The first Democratic presidential debate was held this past week in South Carolina, with moderator Brian Williams taking note during the opening that the event, more than 18 months before the 2008 election, reflected an unprecedented early start to the campaign. What Williams didn’t point out was that it’s also unprecedented, at least in modern times, for any sitting president in his second term to be as fully a lame duck as George W. Bush obviously has become.
More than 600 painful days remain in Bush’s term, but his ability to set and pursue a policy agenda is totally gone, and his political power exists almost entirely in negative terms: he can block the Democrats, on everything from de-funding his tragic disaster of a war to giving the District of Columbia a vote in Congress, and he presumably can influence his party’s next presidential choice in a variety of subtle or overt ways. But that’s really it. Increasingly, news accounts include blind quotes from senior Republicans to the effect that this administration is incompetent, dishonest and counter-productive; the fear that Bush’s ineptitude and mendacity will have long-term consequences for their electoral prospects is now almost palpable.
And yet, it’s still all about the Bushes. The First Lady astounded the political world last week with her remark that no one “suffers more than their president and I do when we watch [news from Iraq]." And Old Bush, George the 41st, recently agreed with the notion that his son Jeb! (he hasn’t formally changed his name to add the exclamation mark yet, but it’s only a matter of time) won’t be on the 2008 presidential ballot because of “Bush Fatigue.”
But more than anyone, of course, it’s about the incumbent. Everybody, Democrats and Republicans, loyalists and Bush-haters, wants Alberto Gonzales out of the attorney general’s office. But George W. seems to dig in more with every call for Abu G’s dismissal. Then, of course, there’s Iraq, where the goalposts on “the surge” started moving almost as soon as they were set. And Bush continues to abuse the appointment power, sending up obviously unqualified individuals for high offices and trying to jam as many through as possible during congressional recesses.

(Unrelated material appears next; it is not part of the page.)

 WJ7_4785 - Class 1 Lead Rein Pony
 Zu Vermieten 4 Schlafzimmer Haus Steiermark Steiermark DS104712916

Bush’s narcissism would be comical if it weren't so harmful for the country (often it's comical anyway), but at least it’s hurting exactly the people who should suffer most by it. I’m no fan of David Brooks, but he really nailed the Republicans’ predicament in his NY Times column today:
The Republicans suffered one unpleasant event in November 2006, and they are headed toward an even nastier one in 2008. The Democrats have opened up a wide advantage in party identification and are crushing the G.O.P. among voters under 30.
Moreover, there has been a clear shift, in poll after poll, away from Republican positions on social issues and on attitudes toward government. Democratic approaches are favored on almost all domestic, tax and fiscal issues, and even on foreign affairs.
The public, in short, wants change.
And yet the Republicans refuse to offer that. On Capitol Hill, there is a strange passivity in Republican ranks. Republicans are privately disgusted with how President Bush has led their party and the nation, but they don’t publicly offer any alternatives. They just follow sullenly along. They privately believe the country needs new approaches to the war against Islamic extremism, but they don’t offer them. They try to block Democratic initiatives, but they don’t offer the country any new ways to think about the G.O.P.
They are like people quietly marching to their doom.
And at the presidential level, things are even worse. The party is blessed with a series of charismatic candidates who are not orthodox Republicans. But the pressures of the campaign are such that these candidates have had to repress anything that might make them interesting. Instead of offering something new, each of them has been going around pretending to be the second coming of George Allen — a bland, orthodox candidate who will not challenge any of the party’s customs or prejudices.
Though his analysis is on point, Brooks is too much of a hack to acknowledge the specifics: that it’s not George Allen the Republican candidates are trying to emulate, but George Bush they’re terrified to stray too far from.
The root of the problem is that his party has fully embraced a top-down authoritarian structure in which The Leader is infallible, and his belief system must not ever be transgressed against (Brooks rightly identifies Grover Norquist—though not by name, alas—as the Ideological Enforcer for Tax and Spending Policy, and Radical Cleric James Dobson as the Christatollah for the Promotion of Virtue and Suppression of Vice) and there is no middle ground between absolute loyalty and outright treason.
So while Republicans might be “privately disgusted” with Bush–as I’m sure many are–they know that to directly challenge him means that the party apparatus will turn on them, with primary opponents, a cutoff of financial support, and endless hounding.
They’ve put themselves in this jam, and it couldn’t happen to a more deserving bunch.